Joan esperó a que estuvieran más cerca y entonces, acercándose a Felip, le descargó un fuerte golpe en el escudo de madera con su estaca. El sonido hizo que todas las miradas convergieran en Joan. Se hizo el silencio.
—Te reto —dijo el chico. El matón le miró sorprendido.
—¿Te has vuelto loco? —dijo al final con una carcajada—. ¿No tuviste suficiente con lo del otro día, remensa? Esta vez te voy a capar.
—Te desafío —insistió Joan—. Y si no aceptas, dejarás de ser el jefe de la banda.
—¡Cogedle! —ordenó Felip.
Joan dio un paso atrás, mientras blandía su cachiporra amenazante a su alrededor para evitar que se le acercaran. Alguno había dado ya un paso adelante para prenderle.
—¡Apelo a la ley de bandas! —gritó—. Un desafío es solo entre dos, nadie más puede intervenir.

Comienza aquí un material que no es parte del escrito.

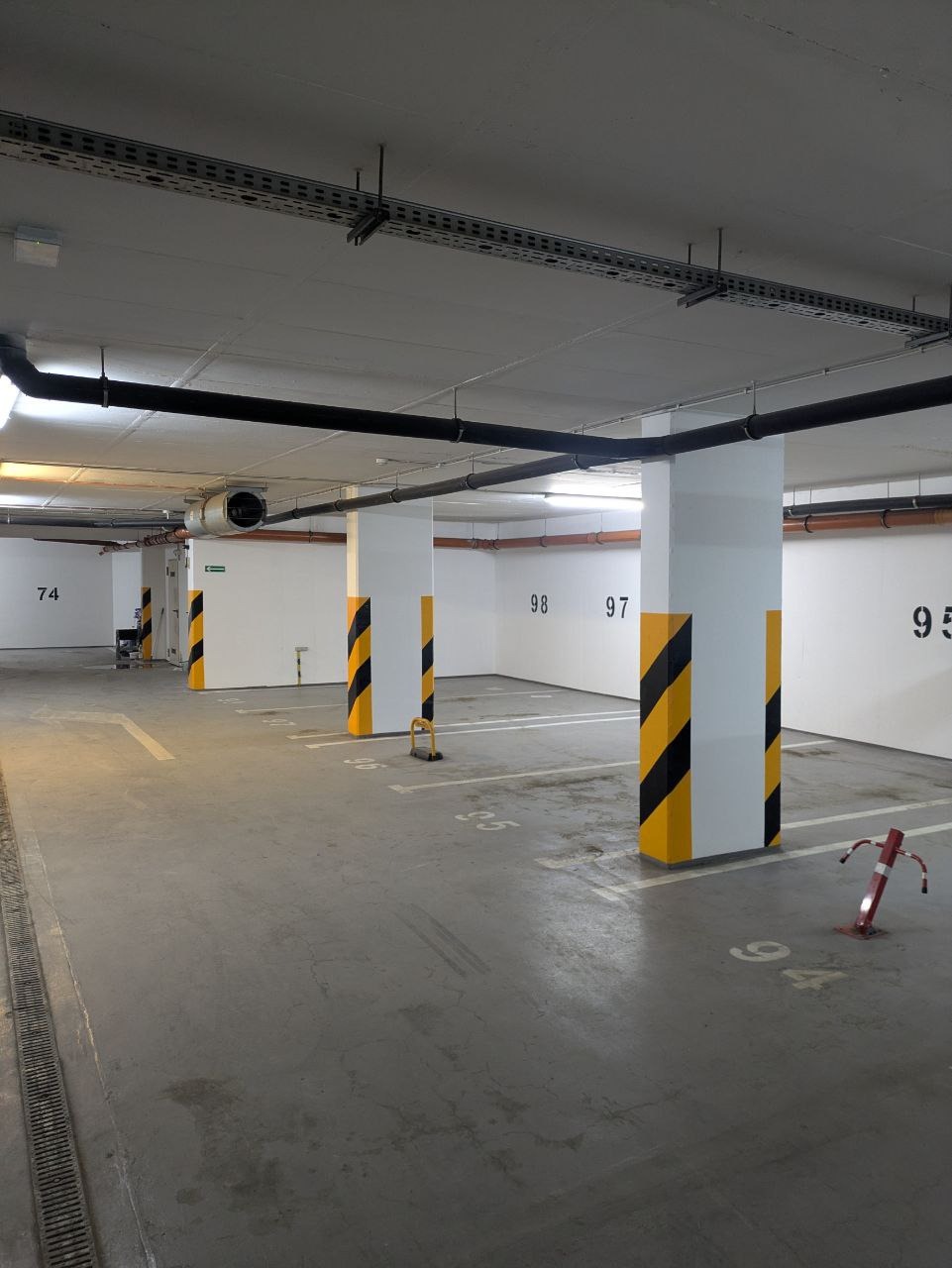Oznakowane słupy w garażu podziemnym z numerami miejsc parkingowych na ścianach. Żółto-czarne pasy na kolumnach. Widoczne instalacje pod sufitem.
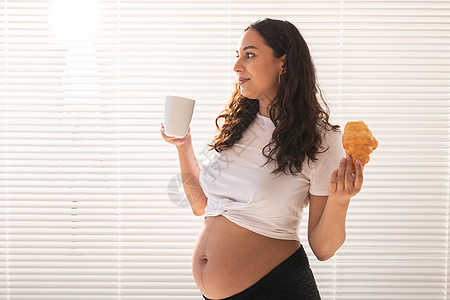 孕妇饮食在家带羊角面包的快乐孕妇 怀孕 吃东西和人的概念垃圾母性母亲腹部糕点婴儿盘子早餐甜点营养背景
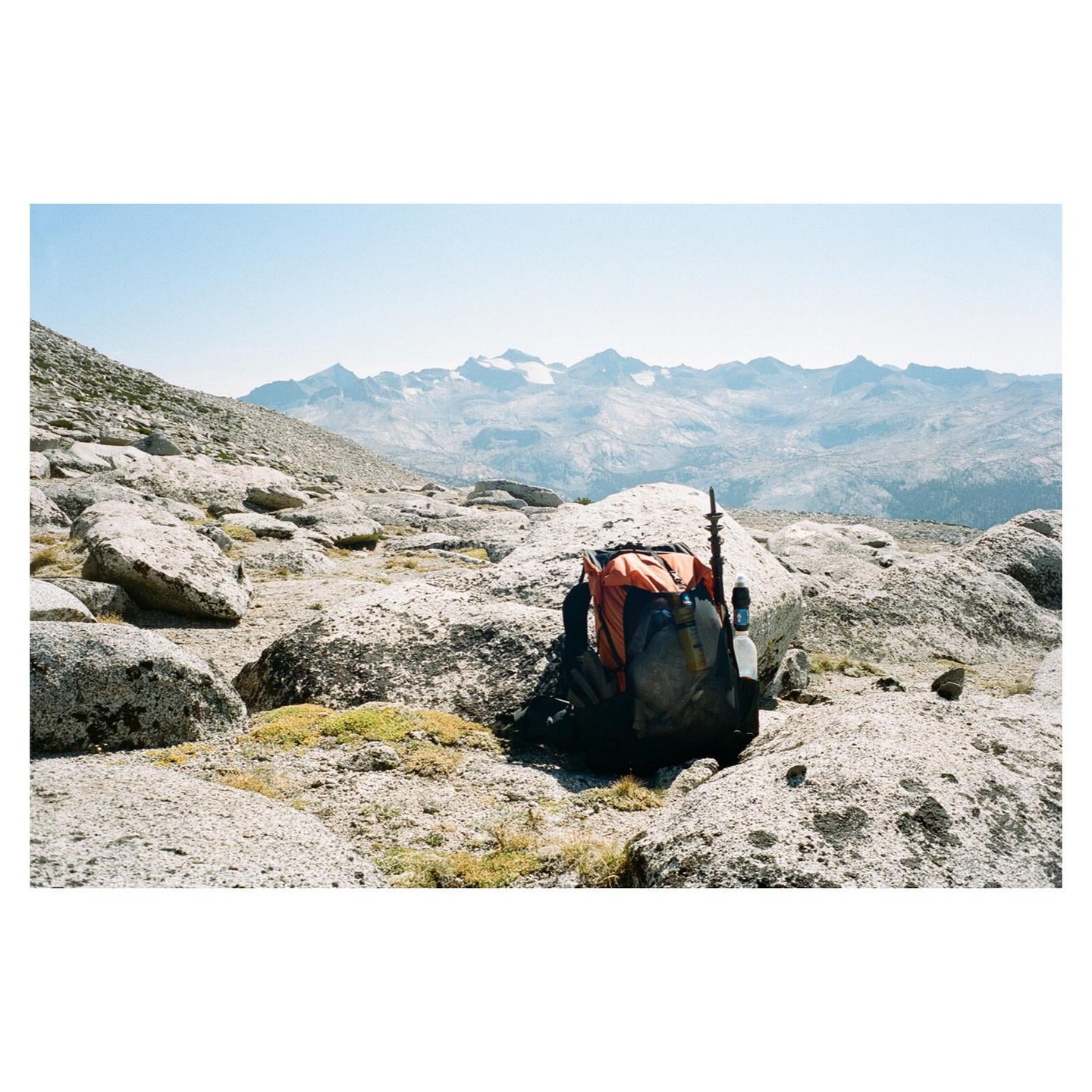 A backpack sits on a rocky mountain with snow-capped peaks in the distance.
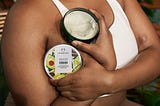 A dark-skinned individual wearing a white tank top shows the lid and inside of the tub of The Body Shop’s Avocado Body Butter.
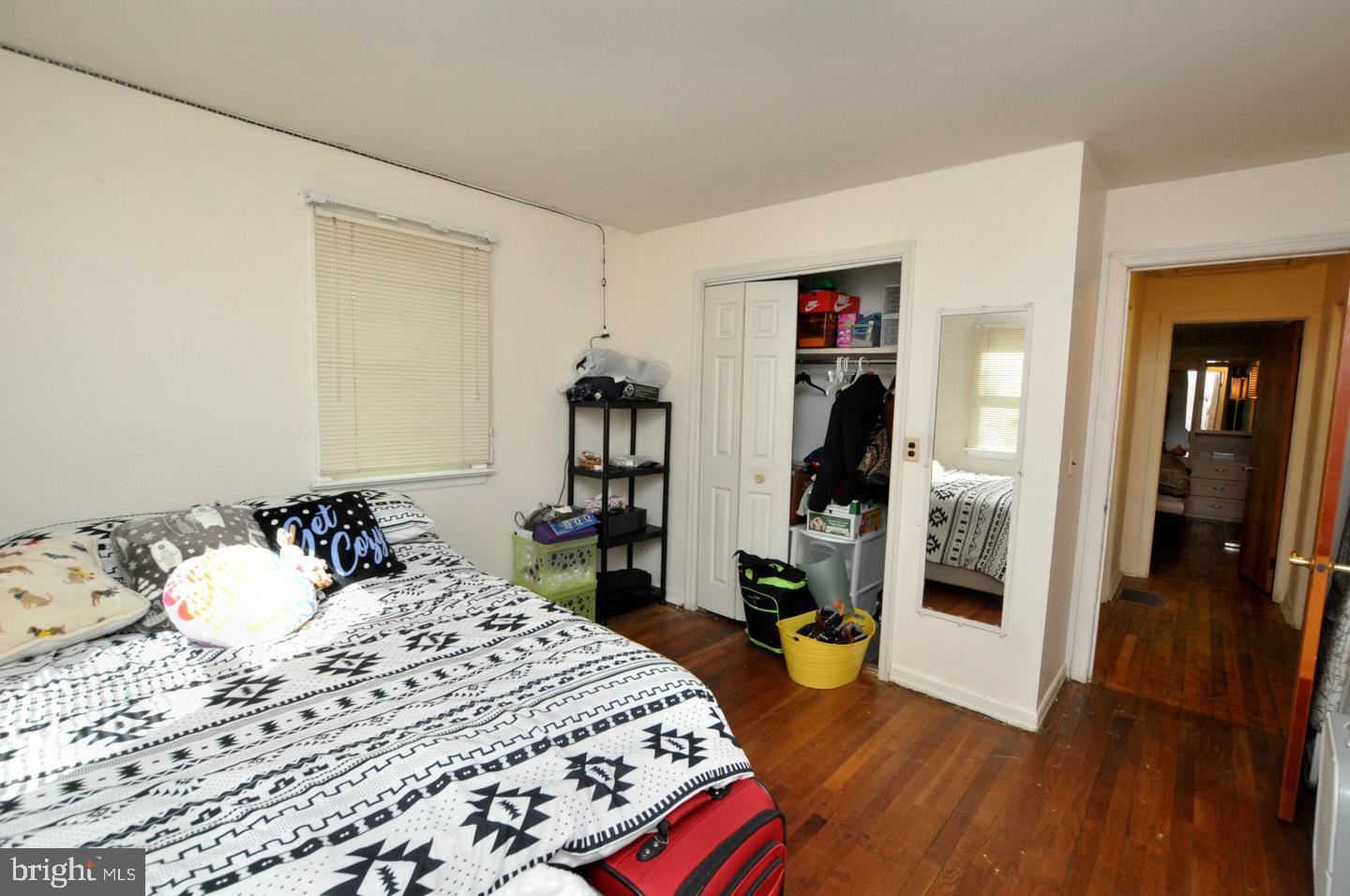607 North Broad Street Hainesport, NJ 08036 - Photo 14 of 24 a bedroom with a bed and a walk in closet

—Pero tú no eres… —empezó a decir Felip.
—¡Es verdad! —gritó Lluís—. Eso dicen nuestras leyes. Tiene derecho a retar al jefe.
Felip le lanzó una mirada asesina, pero varios de los muchachos secundaron a Lluís.
—¡Cumple la ley! —le gritaron.
Incluso los más afines a Felip afirmaban con la cabeza, esa era la ley. El matón se vio en minoría y supo que debía aceptar.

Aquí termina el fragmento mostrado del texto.